Piazza Fiume è terra di nessuno: da oasi turistica a zona di degrado

3 Settembre 2021

Danni alle auto in sosta nel parcheggio dell’ex scalo dei treni diventato ormai il regno dei vandali Molino, presidente di Vivere Vasto Marina: «Il rilancio di questa località deve partire proprio da qui».

VASTO. Da ex stazione ferroviaria a luogo degradato e pericoloso. E non solo. A fine estate il parcheggio dell’ex scalo di piazza Fiume, alla Marina, continua ad essere il regno dei teppisti. La scorsa notte due automobilisti nel riprendere la vettura lasciata al parcheggio per tornare a casa hanno trovato la carrozzeria sfregiata. Legittima l’indignazione dei residenti. Il Consorzio di operatori Vivere Vasto Marina chiede il rilancio della struttura. «Il rilancio della Marina deve partire proprio dal rilancio dell'area dell'ex stazione», dice il presidente del sodalizio Piergiorgio Molino. L'area appartiene alle Ferrovie dello Stato. Se la Provincia riuscisse ad acquisirla, forse si riuscirebbe a trovare un modo per ridare dignità a sicurezza alla zona rivierasca attraversata anche dalla pista ciclabile.

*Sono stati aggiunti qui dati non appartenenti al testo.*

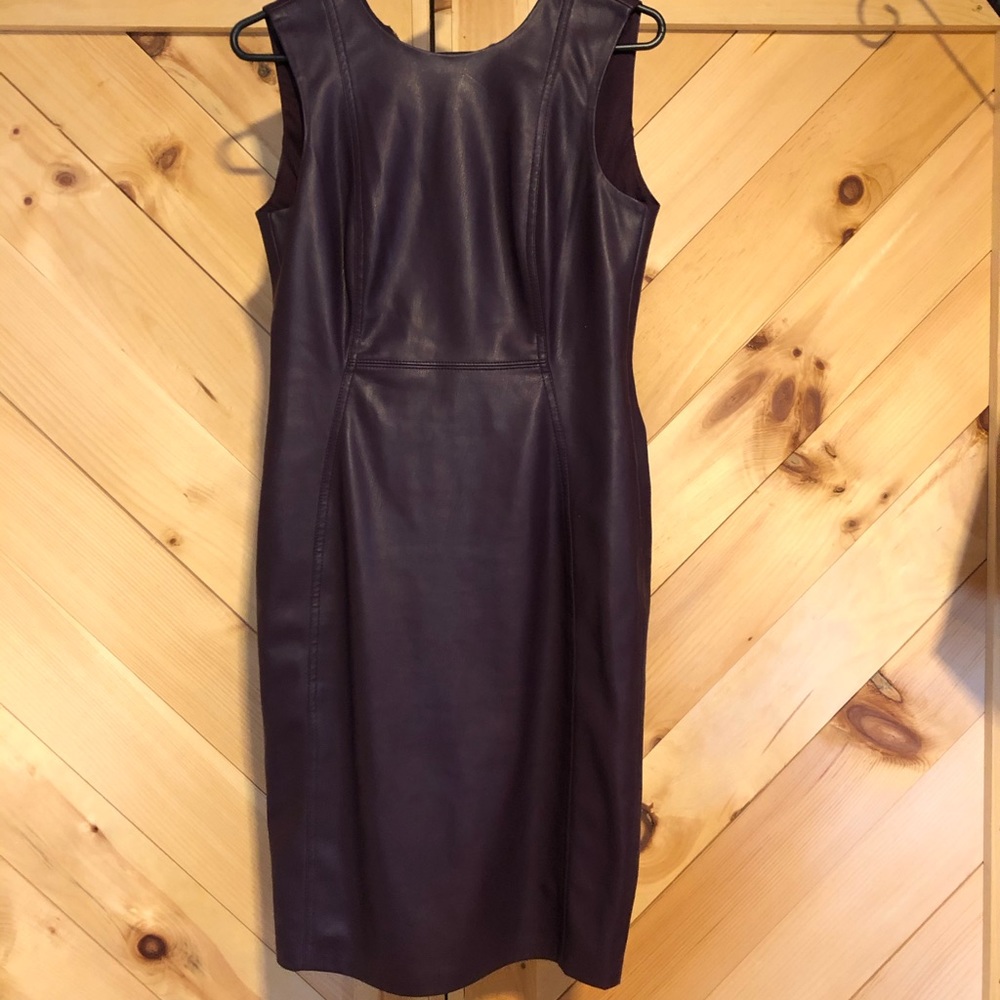 Faux Leather Calvin Klein dress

«Possibile che a nessuno importi di quello che accade qui?», hanno protestato ieri mattina gli automobilisti danneggiati. Due anni fa il sindaco Francesco Menna aveva proposto alle Ferrovie dello Stato di trasformare l’ex stazione in sede di attività per recupero sociale. L’opportunità di recupero partiva da un progetto presentato nel 2018 dalle Ferrovie e ripreso da Menna ad aprile 2019. Oltre 450 stazioni ferroviarie abbandonate hanno avuto l’opportunità di rivivere grazie a un progetto di riqualificazione e riutilizzo sociale. Purtroppo la proposta non è stata accolta o forse è stata accantonata. Certo è che l’ex scalo ferroviario di Vasto ha bisogno di aiuto.

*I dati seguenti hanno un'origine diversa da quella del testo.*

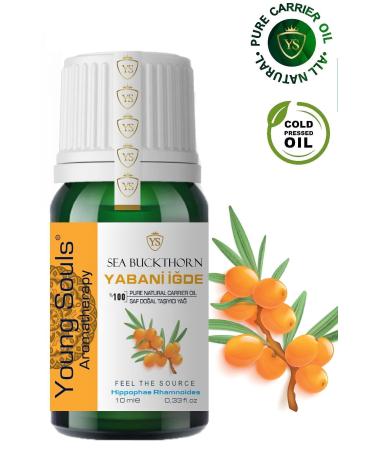 YOUNG SOULS Aromatherapy Sea Buckthorn Carrier Oil Wild Buckthorn Carrier Oil 10 ml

Da regno del turismo è diventato l’oasi del degrado e il rifugio di sbandati. Diverse le interrogazioni presentate anche dall’opposizione consiliare. Nulla però si muove e intanto il degrado avanza. Inaugurata nel 1862, la stazione di piazza Fiume è stata un gioiello della riviera fino al 1988, data in cui ha passato il testimone alla nuova stazione Vasto-San Salvo in contrada San Tommaso. L’ultimo treno è passato nel 2005. L’apertura della galleria ferroviaria si è tradotta nell’abbandono della graziosa e storica stazione. Quattordici anni fa il piazzale antistante e confinante con la chiesa di Stella Maris è stato trasformato in un parcheggio per 700 posti auto. Non è bastato a scoraggiare la trasformazione della struttura in rifugio degli sbandati. A inizio estate più volte le forze dell'ordine sono dovute intervenire per sedare e pestaggi.

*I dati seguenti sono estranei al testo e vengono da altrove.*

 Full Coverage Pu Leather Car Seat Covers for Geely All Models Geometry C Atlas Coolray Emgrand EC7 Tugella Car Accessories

Il Consorzio Vivere Vasto Marina ha in mente diversi progetti per la rivitalizzazione della struttura, non ultimo anche il raddoppio del parcheggio con posti auto sotterranei. Una sorta di silos a servizio della riviera. «Vanno comunque accese più telecamere», chiedono i residenti, «non si può permettere che questa area diventi una zona degradata. Il Comune deve insistere con le Ferrovie dello Stato e con la Provincia. Vasto merita più attenzione».